Crawled caption data
------------------------------

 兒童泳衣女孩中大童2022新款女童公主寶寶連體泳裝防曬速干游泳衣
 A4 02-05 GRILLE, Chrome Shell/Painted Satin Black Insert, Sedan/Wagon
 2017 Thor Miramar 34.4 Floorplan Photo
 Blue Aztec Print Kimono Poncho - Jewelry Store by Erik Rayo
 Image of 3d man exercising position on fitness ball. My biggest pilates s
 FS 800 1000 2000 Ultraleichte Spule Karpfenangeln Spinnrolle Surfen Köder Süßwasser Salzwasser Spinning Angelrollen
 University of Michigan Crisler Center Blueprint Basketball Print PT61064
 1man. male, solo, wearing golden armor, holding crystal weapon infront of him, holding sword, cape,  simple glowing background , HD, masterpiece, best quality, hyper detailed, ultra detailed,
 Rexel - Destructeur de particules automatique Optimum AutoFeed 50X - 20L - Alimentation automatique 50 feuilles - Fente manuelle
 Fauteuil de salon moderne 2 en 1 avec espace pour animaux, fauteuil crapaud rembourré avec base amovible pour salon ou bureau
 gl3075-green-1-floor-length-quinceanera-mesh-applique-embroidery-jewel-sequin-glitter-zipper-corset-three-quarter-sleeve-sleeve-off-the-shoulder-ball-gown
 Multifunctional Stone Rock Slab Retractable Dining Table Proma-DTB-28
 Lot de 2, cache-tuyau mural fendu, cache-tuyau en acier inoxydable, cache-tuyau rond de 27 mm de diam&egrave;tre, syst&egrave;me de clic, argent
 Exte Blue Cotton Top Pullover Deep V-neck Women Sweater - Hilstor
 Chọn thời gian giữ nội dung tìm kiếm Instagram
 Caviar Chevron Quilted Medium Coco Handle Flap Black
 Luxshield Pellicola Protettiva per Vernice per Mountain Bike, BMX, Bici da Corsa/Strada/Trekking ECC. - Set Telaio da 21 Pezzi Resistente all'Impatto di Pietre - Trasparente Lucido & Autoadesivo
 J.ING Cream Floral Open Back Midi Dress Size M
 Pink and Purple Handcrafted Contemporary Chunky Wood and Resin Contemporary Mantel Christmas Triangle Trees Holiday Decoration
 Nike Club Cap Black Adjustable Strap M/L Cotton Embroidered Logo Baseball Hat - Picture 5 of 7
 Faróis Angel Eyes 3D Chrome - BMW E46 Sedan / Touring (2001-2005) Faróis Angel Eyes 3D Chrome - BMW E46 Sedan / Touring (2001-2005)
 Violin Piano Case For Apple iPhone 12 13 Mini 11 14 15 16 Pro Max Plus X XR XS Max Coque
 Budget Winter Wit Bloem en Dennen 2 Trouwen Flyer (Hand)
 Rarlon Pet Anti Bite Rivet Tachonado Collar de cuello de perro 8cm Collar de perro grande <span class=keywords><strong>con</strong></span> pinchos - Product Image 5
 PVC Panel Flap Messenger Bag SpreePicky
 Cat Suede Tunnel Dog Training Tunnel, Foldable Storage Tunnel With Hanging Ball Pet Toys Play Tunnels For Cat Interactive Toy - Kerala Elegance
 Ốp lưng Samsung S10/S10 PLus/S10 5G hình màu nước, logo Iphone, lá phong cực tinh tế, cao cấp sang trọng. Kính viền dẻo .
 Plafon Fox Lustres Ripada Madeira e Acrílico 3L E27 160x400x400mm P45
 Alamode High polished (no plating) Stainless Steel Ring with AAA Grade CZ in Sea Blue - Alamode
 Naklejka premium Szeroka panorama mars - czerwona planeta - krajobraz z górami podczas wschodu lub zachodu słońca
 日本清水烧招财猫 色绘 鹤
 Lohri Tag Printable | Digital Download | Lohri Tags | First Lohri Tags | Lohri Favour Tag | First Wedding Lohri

------------------------------

▸ **Work task**
Starting with the line with "J.ING Cream Floral" above and going on through the line with "Rarlon Pet Anti", transcribe every line exactly, both ends included, and add nothing.

▸ **Exercise response**
 J.ING Cream Floral Open Back Midi Dress Size M
 Pink and Purple Handcrafted Contemporary Chunky Wood and Resin Contemporary Mantel Christmas Triangle Trees Holiday Decoration
 Nike Club Cap Black Adjustable Strap M/L Cotton Embroidered Logo Baseball Hat - Picture 5 of 7
 Faróis Angel Eyes 3D Chrome - BMW E46 Sedan / Touring (2001-2005) Faróis Angel Eyes 3D Chrome - BMW E46 Sedan / Touring (2001-2005)
 Violin Piano Case For Apple iPhone 12 13 Mini 11 14 15 16 Pro Max Plus X XR XS Max Coque
 Budget Winter Wit Bloem en Dennen 2 Trouwen Flyer (Hand)
 Rarlon Pet Anti Bite Rivet Tachonado Collar de cuello de perro 8cm Collar de perro grande <span class=keywords><strong>con</strong></span> pinchos - Product Image 5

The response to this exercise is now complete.